Now, calculating the mass flow rate:
m ≈ 21,980 W / (4.184 J/g·°C * (70 °F - 50 °F))
m ≈ 21,980 W / (4.184 J/g·°C * 20 °F)
m ≈ 262.94 g/s
So, the minimum mass flux of the groundwater required is approximately 262.94 grams per second.
To calculate the minimum power required for the heat pump, we need to determine the work input required for the heat pump.
The equation for work input to the heat pump is W = m * (h2 - h1), where W is the work input, m is the mass flow rate of the groundwater, h2 is the specific enthalpy of the groundwater after heating, and h1 is the specific enthalpy of the groundwater before heating.
To simplify the calculation, we can assume that the specific enthalpy of the groundwater remains constant during the heating process.

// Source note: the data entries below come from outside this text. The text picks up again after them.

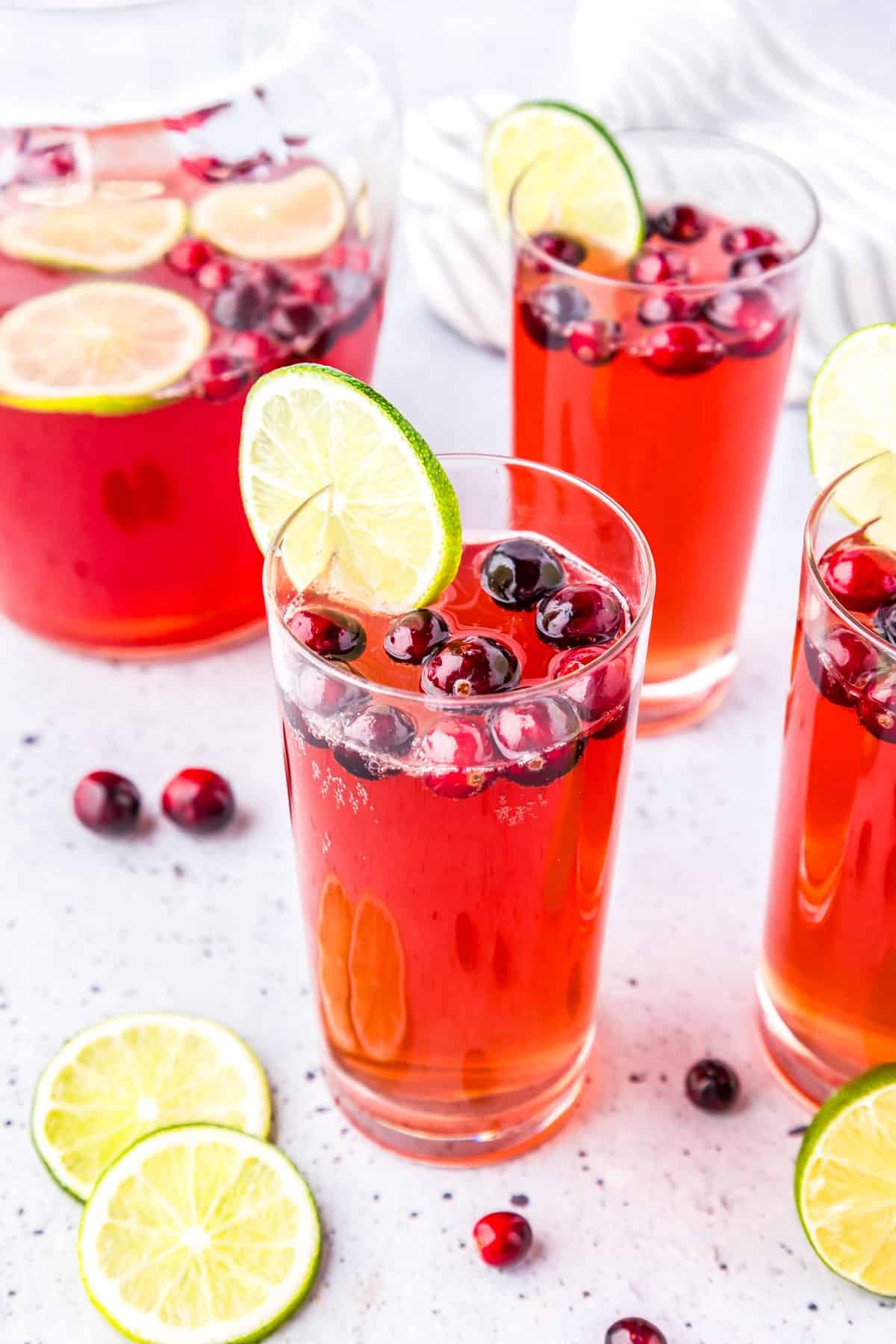 Glasses filled with Cranberry Mocktail and garnished with cranberries and limes. 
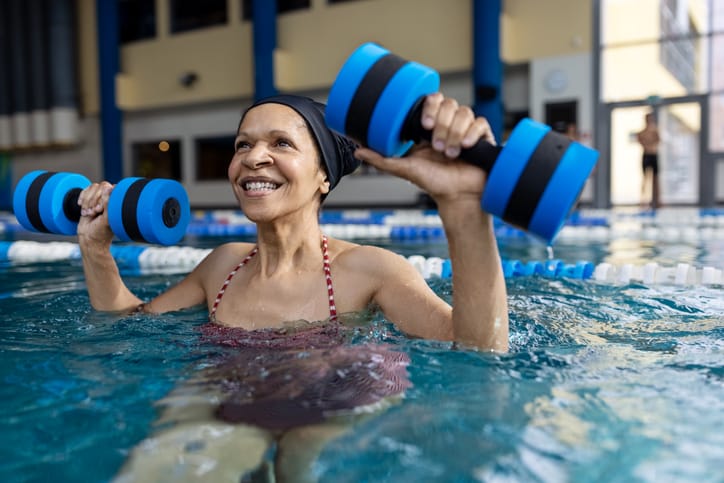 Photo shows woman with weights in a pool
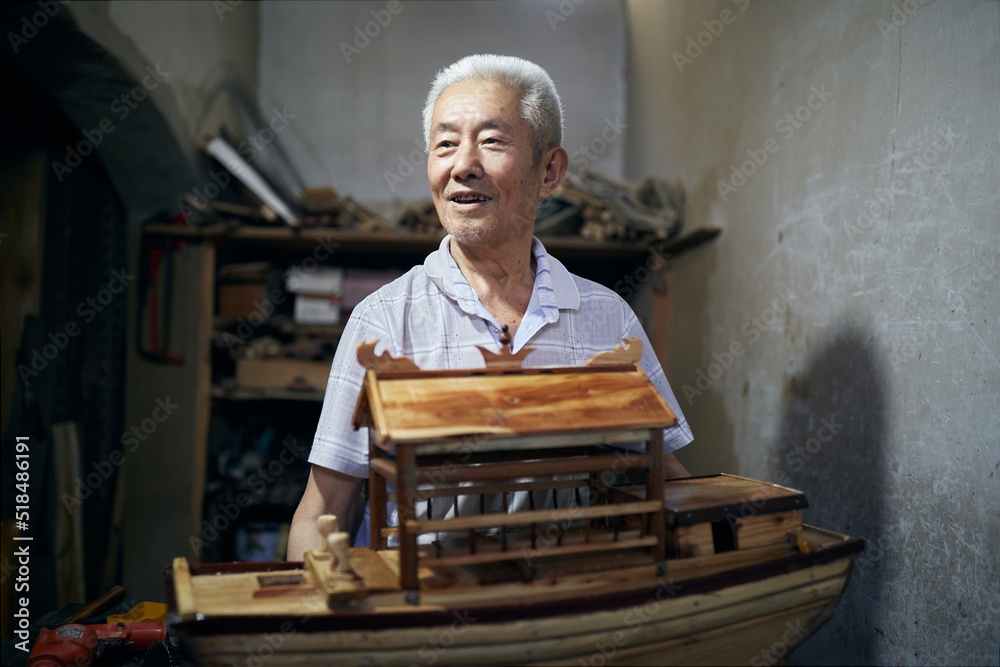 Older Asian Man Works On His Model Boats At His Workshop. Older Asian Man Works On His Model Boats At His Workshop.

Therefore, the minimum power required for the heat pump is P = W.
P ≈ 262.94 g/s * (h2 - h1)
Since we are given that the temperature drop of the groundwater is 12 °F, we can calculate the change in specific enthalpy using the specific heat capacity of water, c.
Δh = c * ΔT
Now, substituting this back into the equation for power:
P ≈ 262.94 g/s * c * ΔT
Finally, substituting c = 1 cal/g·°C or 4.184 J/g·°C and ΔT = 12 °F:
P ≈ 262.94 g/s * 4.184 J/g·°C * (12 °F)
P ≈ 16,461 W
So, the minimum power required for the heat pump is approximately 16,461 watts.